« Je ne m’abaisserai pas à de telles frivolités. » Voilà ce qu’a lancé mercredi le secrétaire d’État américain Rex Tillerson. Le chef de la diplomatie américaine avait convoqué la presse à la dernière minute à la Maison-Blanche, sans ajouter l’événement à l’horaire officiel, alimentant les rumeurs sur une possible démission.
Plutôt que de claquer la porte, Tillerson aura en fait maintenu son appui envers le président Donald Trump, sans toutefois explicitement nier certaines informations rapportées mardi soir et mercredi matin dans la presse. Sur les ondes de NBC, on pouvait effectivement apprendre que M. Tillerson aurait envisagé de présenter sa démission en juillet. Pire encore – du moins, aux yeux du président -, il aurait traité son patron « d’imbécile » (« moron »).

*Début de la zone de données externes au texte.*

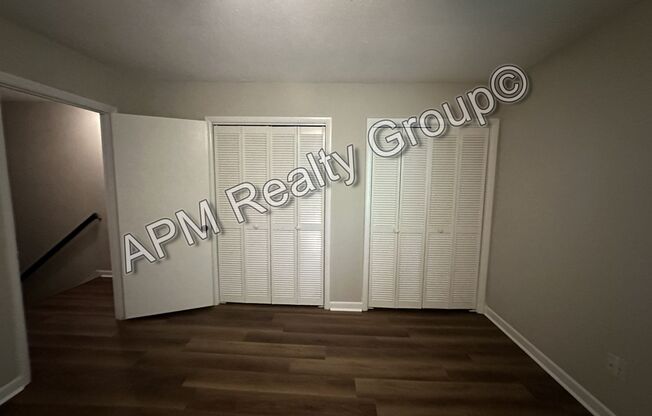 2 beds, 1.5 baths, $1,250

Pas de précisions au sujet de cette déclaration lors de la brève conférence de presse de mercredi avant-midi, si ce n’est le refus de Tillerson de commenter le dossier.
« Je n’ai jamais envisagé de quitter mon poste. La politique étrangère du président permet à l’Amérique de devenir plus forte et d’engranger les victoires », a martelé l’ancien patron de la pétrolière Exxon.
Et le secrétaire d’État de réciter une liste de ces « victoires » diplomatiques, y compris dans le très délicat dossier nord-coréen. Après les années attentistes de Barack Obama, voilà en effet que Donald Trump multiplie les provocations vis-à-vis du dictateur nord-coréen Kim Jong-un, le cajole puis l’insulte sur Twitter, promet le « feu et la violence » si le régime poursuit ses tests de missiles et d’armes atomiques, puis reste coi lorsque Pyongyang décide de mettre la détermination américaine à l’épreuve et va effectivement de l’avant avec de nouveaux tirs, de nouvelles explosions.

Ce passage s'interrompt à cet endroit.